The National Anthem Law

The law sets out rules to use the national anthem. It bars use of the anthem in commercial advertisements, and require attendees at events to stand up straight "solemnly" when the anthem plays. Those who violate the new law, including those who modify the lyrics or mock the song or play it during "inappropriate" occasions, could be detained for up to 15 days or face criminal prosecution.
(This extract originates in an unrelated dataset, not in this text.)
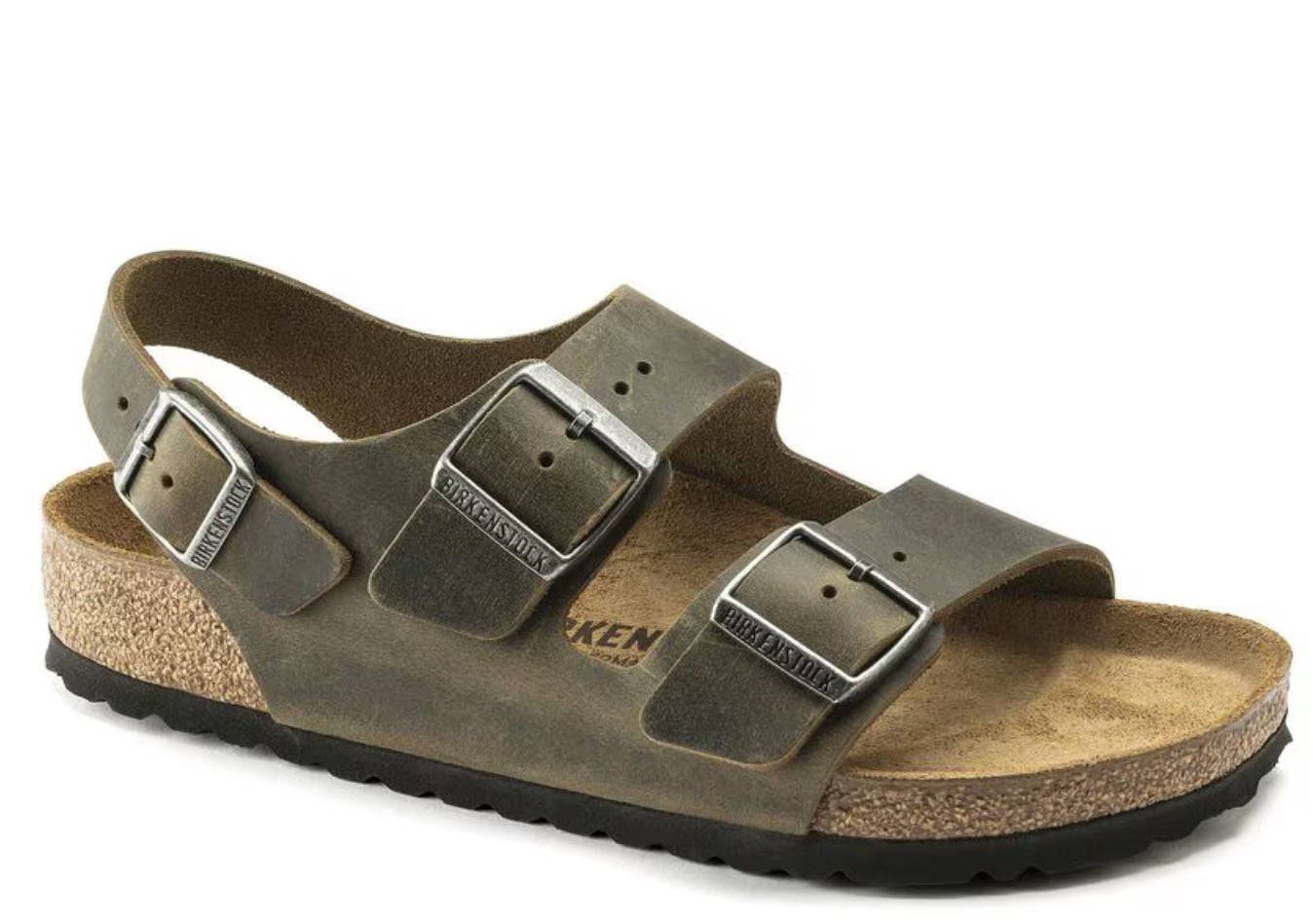 Birkenstock Mens Milano Oiled Leather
The full text of the National Anthem Law is mainly for the provinces, municipalities and autonomous regions in mainland China to formulate relevant administrative regulations for specific implementation in accordance with local conditions. For all television and radio media in mainland China, they are subject to the "Notice on Studying, Publicizing and Implementing the National Anthem Law of the People's Republic of China" issued in 2017 by the State Administration of Press, Publication, Radio, Film and Television.

=== Hong Kong ===
On 4 November 2017, the NPCSC adopted the decision to add the National Anthem Law to Annex III of the Basic Law of Hong Kong. In accordance with Article 18(2) of the Basic Law, the national laws listed in Annex III to the Basic Law shall be applied locally by way of promulgation or legislation by the Hong Kong Special Administrative Region (HKSAR).

=== Macau ===
On November 4, 2017, the 30th session of the 12th NPCSC decided to incorporate the National Anthem Law into the Annex III of the Macao Basic Law. In August 2018, the Legislative Assembly of Macau passed the Bill to Amend Law No. 5/1999 on the Use and Protection of the National Flag, National Emblem and National Anthem.